My time remaining here officially has expiration date. As of yesterday, I’ll leaving my beloved Ulan-Ude on June 24. That gives me 112 whole days to do all there is to do. Or just 112 days, depending on how you look at it.
The new finiteness of my time here really gets the make-the-most-of-it juices flowing. It seems to give my life new momentum, direction. Just as I’m starting to feel the tug of Purpose and the Future for the first time in a while, time is starting to escape me almost before I’m aware it exists. Now that I’ve envisioned a sort of pathway for myself, I’m hurtling down it full-speed, machete in hand.
Near on the horizon are my upcoming birthday (which I intend to make a big deal of) and International Women’s Day (which is already a big deal).
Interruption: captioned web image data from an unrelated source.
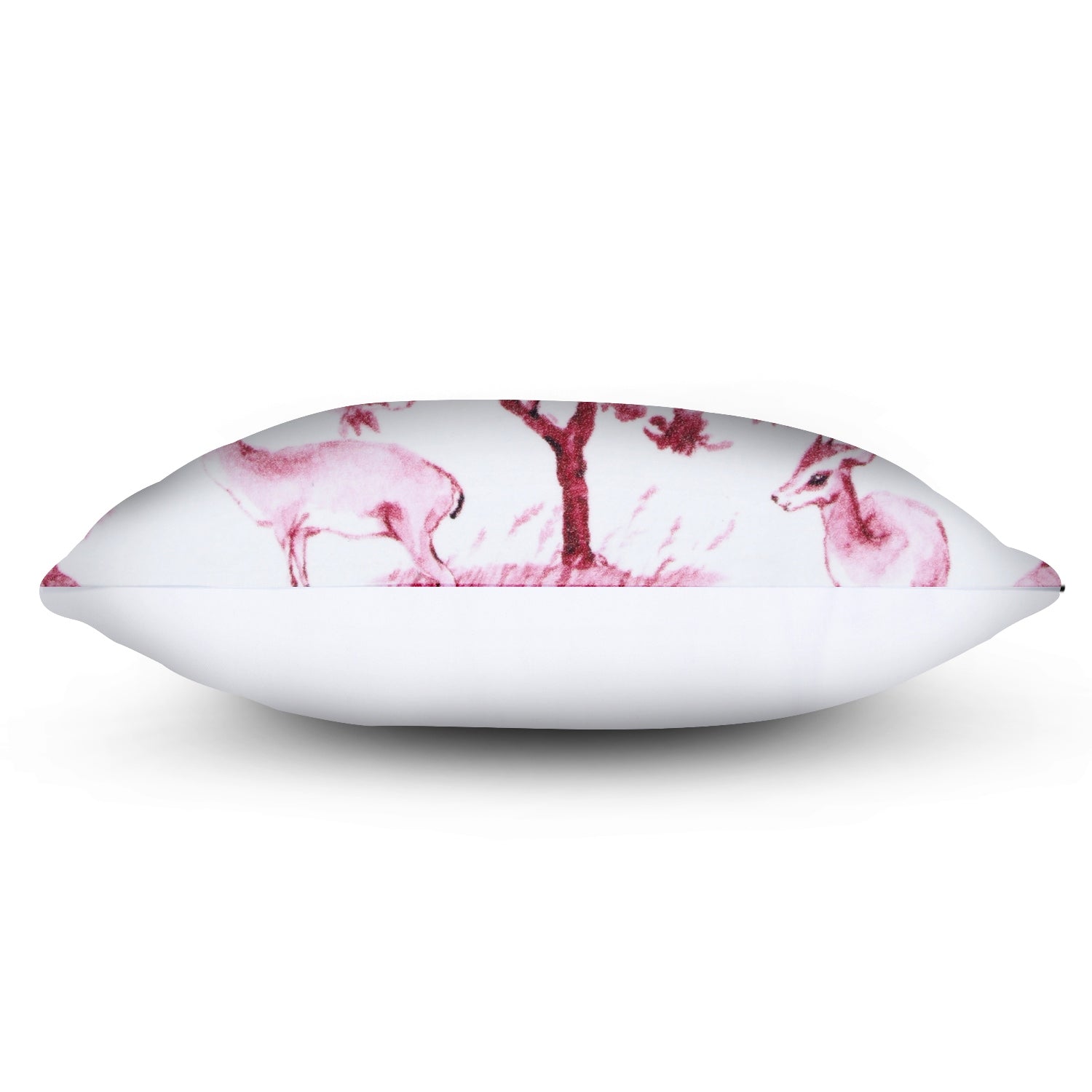 'Forest Dreams' 100% Cotton Velvet Cushion Cover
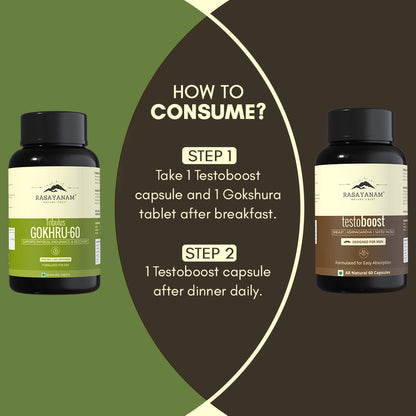 रसायनम अश्वगंधा केएसएम 66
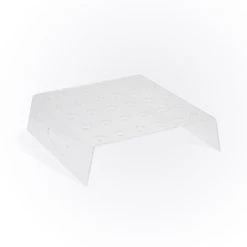 Sous Chef Tableware Sous Chef Vassoio Da Tavola Canape Cone Con Manici Per 30 Coni 5 Sous Chef Tableware Sous Chef Vassoio Da Tavola Canape Cone Con Manici Per 30 Coni -Negozio al dettaglio stagionatura canape cone tray side edit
Maslenitsa is coming and I look forward to a solid week of copious pancake ingestion. Then before I know it, it will be St. Patty’s day and then “Catholic” Easter—and as quite possibly the only person of Irish descent and Catholic person in town, it’s up to me to represent.
April’s still pretty fuzzy, but it’s bound to fill up. I’ve had allusions to promises of ice fishing on Baikal, but I won’t hold my breath. The thing about spring here is that, once it’s here, everyone turns a blind eye to winter. Everyone expects it to instantly warm up for good. Four days into the official season, I’ve already heard complaints that this is a “cold spring.” Though we haven’t quite made it above freezing yet, I’ve been promised that the snow and ice that has accumulated since mid-October will disappear by tomorrow. And, to take the cake, despite piles of completely un-melted snow, this weekend I was told that I couldn’t go skiing because “all the snow is gone.” I’ve always been a Spring Skeptic, not trusting this season and its fickle warmth, but I find this stubborn spring optimism quite refreshing—not to mention amusing.
So then it will be May. There are a number of major holidays in early May, and I’d like very much to take advantage and get out to Vladivostok if I can. Then, at the end of May, I have a trip to Beijing in the works! China, here I come!!!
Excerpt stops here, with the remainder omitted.